README.md

May 23, 2025 · View on GitHub

Towards Robust Multimodal Open-set Test-time Adaptation via Adaptive Entropy-aware Optimization

¹ETH Zurich, ²EPFL

• ICLR 2025 •

Figure 1: (a) Tent minimizes the entropy of all samples, making it difficult to separate the prediction score distributions of known and unknown samples. (b) Our AEO amplifies entropy differences between known and unknown samples through adaptive optimization. (c) As a result, Tent negatively impacts MM-OSTTA performance while AEO significantly improves unknown class detection.
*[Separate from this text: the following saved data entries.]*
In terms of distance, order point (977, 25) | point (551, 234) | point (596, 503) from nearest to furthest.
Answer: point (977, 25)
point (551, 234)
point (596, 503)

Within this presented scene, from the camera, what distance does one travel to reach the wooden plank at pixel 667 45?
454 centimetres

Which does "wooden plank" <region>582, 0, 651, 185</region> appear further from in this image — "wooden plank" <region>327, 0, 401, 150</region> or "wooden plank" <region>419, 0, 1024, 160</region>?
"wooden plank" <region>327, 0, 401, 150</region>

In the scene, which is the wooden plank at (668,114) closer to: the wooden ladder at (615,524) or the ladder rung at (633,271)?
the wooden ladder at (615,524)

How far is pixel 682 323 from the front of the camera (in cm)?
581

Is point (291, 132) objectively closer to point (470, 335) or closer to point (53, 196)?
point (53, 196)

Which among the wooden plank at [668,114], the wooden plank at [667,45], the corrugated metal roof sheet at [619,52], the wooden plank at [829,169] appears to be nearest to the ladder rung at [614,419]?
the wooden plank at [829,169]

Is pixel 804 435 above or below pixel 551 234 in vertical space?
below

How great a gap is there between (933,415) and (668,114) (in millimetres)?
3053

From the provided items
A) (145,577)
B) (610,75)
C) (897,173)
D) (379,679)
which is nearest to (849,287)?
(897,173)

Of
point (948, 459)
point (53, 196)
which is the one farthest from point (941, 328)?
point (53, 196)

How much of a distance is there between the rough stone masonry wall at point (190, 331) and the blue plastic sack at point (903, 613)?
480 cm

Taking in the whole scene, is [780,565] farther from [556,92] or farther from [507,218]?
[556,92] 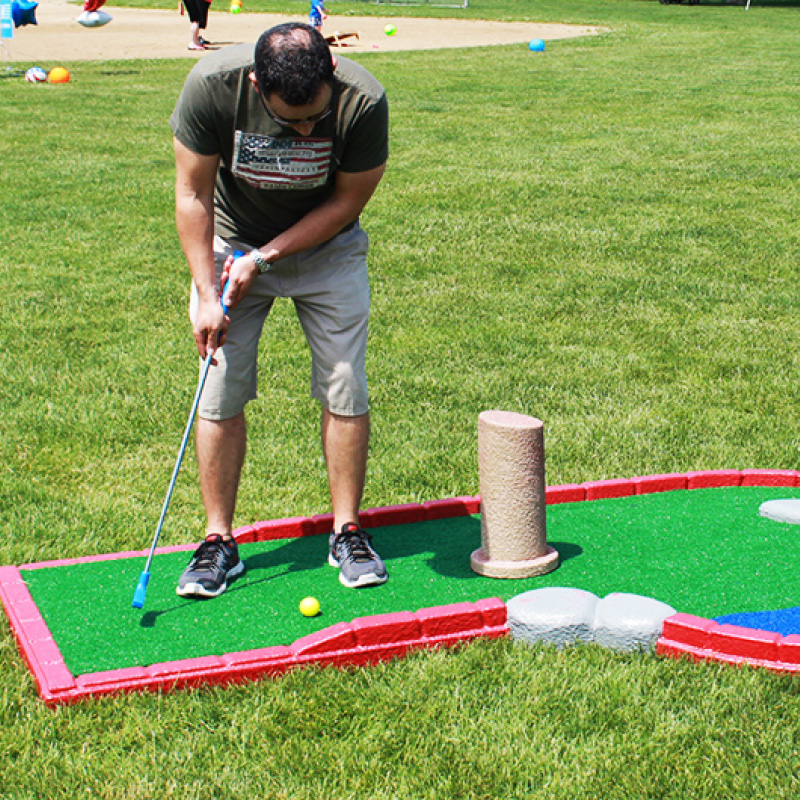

Update: We have a new survey paper on Multimodal Adaptation and Generalization

Environment

The code was tested using Python 3.10.13, torch 2.3.1+cu121 and NVIDIA GeForce RTX 3090, more dependencies are in requirement.txt.

Environments:

mmcv-full 1.2.7
mmaction2 0.13.0

Prepare Dataset

Download EPIC-Kitchens Dataset

bash utils/download_epic_script.sh

Download Audio files EPIC-KITCHENS-audio.zip.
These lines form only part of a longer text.